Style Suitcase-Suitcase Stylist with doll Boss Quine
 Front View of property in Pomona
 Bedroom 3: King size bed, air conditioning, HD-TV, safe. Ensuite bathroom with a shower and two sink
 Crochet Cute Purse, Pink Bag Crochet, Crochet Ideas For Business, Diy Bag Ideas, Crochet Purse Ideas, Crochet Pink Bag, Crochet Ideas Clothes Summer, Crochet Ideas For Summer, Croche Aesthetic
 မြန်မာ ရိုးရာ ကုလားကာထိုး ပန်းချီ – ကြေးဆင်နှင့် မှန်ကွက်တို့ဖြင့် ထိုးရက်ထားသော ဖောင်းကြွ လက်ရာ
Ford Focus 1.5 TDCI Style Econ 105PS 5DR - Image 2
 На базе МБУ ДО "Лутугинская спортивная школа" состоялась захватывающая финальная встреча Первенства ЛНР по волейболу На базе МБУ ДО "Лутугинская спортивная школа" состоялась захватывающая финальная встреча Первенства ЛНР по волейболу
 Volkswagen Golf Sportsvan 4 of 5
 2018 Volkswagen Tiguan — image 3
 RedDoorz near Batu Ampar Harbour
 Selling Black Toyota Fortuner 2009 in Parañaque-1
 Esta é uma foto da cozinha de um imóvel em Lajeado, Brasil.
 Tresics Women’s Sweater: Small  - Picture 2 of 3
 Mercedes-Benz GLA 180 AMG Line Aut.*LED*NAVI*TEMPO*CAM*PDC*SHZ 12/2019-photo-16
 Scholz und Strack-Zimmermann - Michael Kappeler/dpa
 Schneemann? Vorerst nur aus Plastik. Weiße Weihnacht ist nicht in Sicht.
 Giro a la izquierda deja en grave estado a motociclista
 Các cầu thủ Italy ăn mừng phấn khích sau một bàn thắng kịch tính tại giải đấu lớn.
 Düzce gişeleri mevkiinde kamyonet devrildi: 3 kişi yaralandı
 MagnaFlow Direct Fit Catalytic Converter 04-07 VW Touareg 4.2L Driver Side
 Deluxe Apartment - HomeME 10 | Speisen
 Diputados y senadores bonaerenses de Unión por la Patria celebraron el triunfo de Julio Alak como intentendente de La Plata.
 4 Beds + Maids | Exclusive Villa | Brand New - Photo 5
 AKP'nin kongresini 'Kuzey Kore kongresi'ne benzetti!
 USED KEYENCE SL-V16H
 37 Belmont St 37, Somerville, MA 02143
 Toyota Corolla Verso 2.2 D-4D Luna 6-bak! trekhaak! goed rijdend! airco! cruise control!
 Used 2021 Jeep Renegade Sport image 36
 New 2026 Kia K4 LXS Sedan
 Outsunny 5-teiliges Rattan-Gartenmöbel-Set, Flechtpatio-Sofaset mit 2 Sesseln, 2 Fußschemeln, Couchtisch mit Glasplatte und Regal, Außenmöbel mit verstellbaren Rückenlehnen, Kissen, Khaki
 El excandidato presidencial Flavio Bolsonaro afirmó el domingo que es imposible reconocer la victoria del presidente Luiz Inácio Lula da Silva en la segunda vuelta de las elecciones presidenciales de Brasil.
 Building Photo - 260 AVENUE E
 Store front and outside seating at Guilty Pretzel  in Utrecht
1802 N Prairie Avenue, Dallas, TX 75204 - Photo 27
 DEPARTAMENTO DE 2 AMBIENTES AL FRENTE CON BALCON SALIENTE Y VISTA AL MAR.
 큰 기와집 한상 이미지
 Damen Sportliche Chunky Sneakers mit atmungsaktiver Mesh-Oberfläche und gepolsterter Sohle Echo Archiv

> _WHAT IS EXPECTED_: Return the line that contains "DEPARTAMENTO DE 2" along with every line after it through the end of the entries, exactly, adding nothing.

> _TASK OUTPUT_:
 DEPARTAMENTO DE 2 AMBIENTES AL FRENTE CON BALCON SALIENTE Y VISTA AL MAR.
 큰 기와집 한상 이미지
 Damen Sportliche Chunky Sneakers mit atmungsaktiver Mesh-Oberfläche und gepolsterter Sohle Echo Archiv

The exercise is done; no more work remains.